Queerbie

 

By Jen Hodsdon
By Jen Hodsdon

Shameful Confession

I like Pride. 

I like the rainbows. I like the drag queens. I like the uncertainty of the weather and the boring speeches. I like clapping for the leathermen and the dykes on bikes, and the babies with two mamas, and the shirtless dancing boys on the floats. I like all of it, and when June rolls around I start to get that Christmas morning excitement in my chest.

I try not to admit this proclivity in polite company; it’s not a very popular view. It’s not so much that I encounter opposition to Pride as much as it’s the rolling-the-eyes, here-we-go-again kind of resignation. There’s a prevailing sense that Pride is for people newly out, and that the best it can offer is a holiday opportunity to get drunk — a kind of variegated St. Patrick’s Day. There’s a belief that its cheesy rainbow optimism is, at best, a gloss over the diverse needs of our community and that, at worst, it’s just opportunistic consumerism.

That’s all true; I don’t disagree. But I love all of that, too.

When I moved to Portland, I came out right away, as though it was my plan all along. After some disappointment with the bar scene, I decided a better way to meet people was to get involved with some activism, and found my way to the Pride Committee. In some ways, it was lucky timing: the Pride Committee was in the process of re-forming, and was looking for new members. I jumped in, and before I knew it I was planning the Festival in Deering Oaks.

The festival was canceled because of rain, but that’s another story. I still have the friends I made on the committee, and I gained a ton of respect for the work that goes into making that kind of celebration happen.

I’ve heard a lot of discussion about Pride this year. Planning a community-wide celebration is a nearly impossible task – we are an incredibly diverse group of people. No one would ever try to plan a celebration that is inclusive of every heterosexual (Saturday night in the Old Port doesn’t count), because sexual orientation and gender identity are just pieces of our lives — important ones, but not the whole picture.

The selection process that gathers us for Pride is almost as random as if a celebration were held for all the people wearing t-shirts on a particular day. Of course, those people would all have different musical tastes and entertainment preferences, and would want to gather in subgroups. Some would want a serious discussion of the implications of the socio-economic forces that create such divisions; some would want to dance.

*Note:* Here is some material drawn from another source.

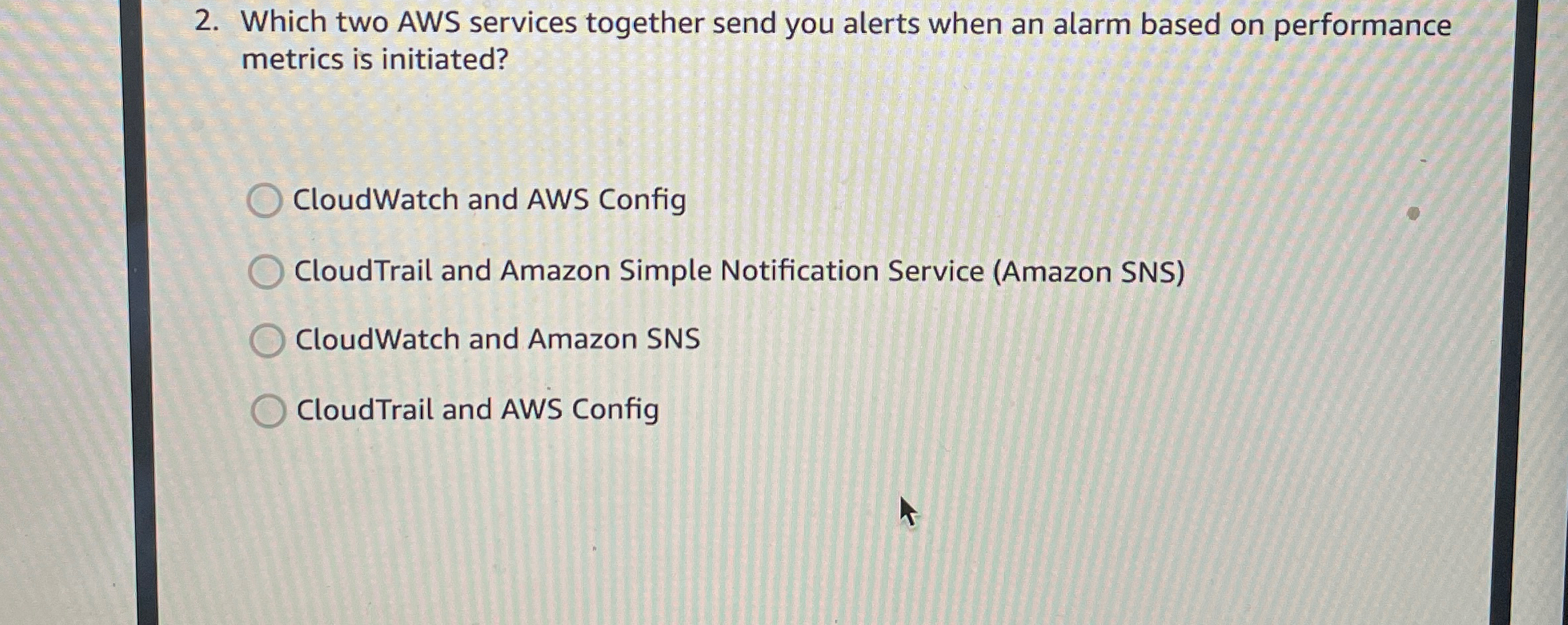  Which two AWS services together send you alerts when an alarm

But here’s the thing — I also like the controversy of Pride. I think it’s necessary. There is no other time of year when I hear such earnest and widespread discussion about inclusion and diversity, even if it takes the form of complaining about the DJ. The rest of the year, we go to our separate bars and cafes, and the bridges barely exist. But during Pride Week, we are lumped together by our common difference.

The only way such a large celebration could include everyone is through a radical re-visioning of the event, and by lots of participation by attendees. There could be as many events as there are subcultures — those Mahjongg Mavens could hold a game night, and there could be motorcycle riding lessons in the park. There could be a pub crawl for the drinkers and an art auction for the philanthropists. The possibilities are unlimited… Transgender bicycle workshop! Lesbian cappuccino-lovers’ brunch! Bisexuals’ flower show! Gay superhero bowling! Fun activities for other identity categories, as desired!

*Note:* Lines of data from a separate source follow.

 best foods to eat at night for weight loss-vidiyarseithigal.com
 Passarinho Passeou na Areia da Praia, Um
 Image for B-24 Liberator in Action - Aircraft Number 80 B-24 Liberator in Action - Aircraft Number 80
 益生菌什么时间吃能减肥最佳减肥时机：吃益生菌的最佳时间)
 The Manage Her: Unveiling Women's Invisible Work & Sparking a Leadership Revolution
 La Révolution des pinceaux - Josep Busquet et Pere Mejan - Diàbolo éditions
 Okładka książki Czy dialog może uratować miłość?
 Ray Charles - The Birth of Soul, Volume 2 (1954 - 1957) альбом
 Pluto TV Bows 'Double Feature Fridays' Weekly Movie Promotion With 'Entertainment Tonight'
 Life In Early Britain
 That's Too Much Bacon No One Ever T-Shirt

During no other time of year are so many of us together in one place. It’s possible to use the strife and discussion about Pride for positive ends. Pride doesn’t have to be the kind of event that makes you roll your eyes and reach for a rainbow-labeled Coors Light – unless you want it to be.

So, see you on the street! I’ll be the one with the rainbow socks on. I’ll be dancing and grinning, loving my community and all its contradictions — loving the drama and the complaining, the ones who are hooking up, the ones who went home early to tuck in the kids, and the ones who are driving their cars back home to the woods. I’ll be there. I wouldn’t miss it for anything.

Jen Hodsdon’s column appears monthly.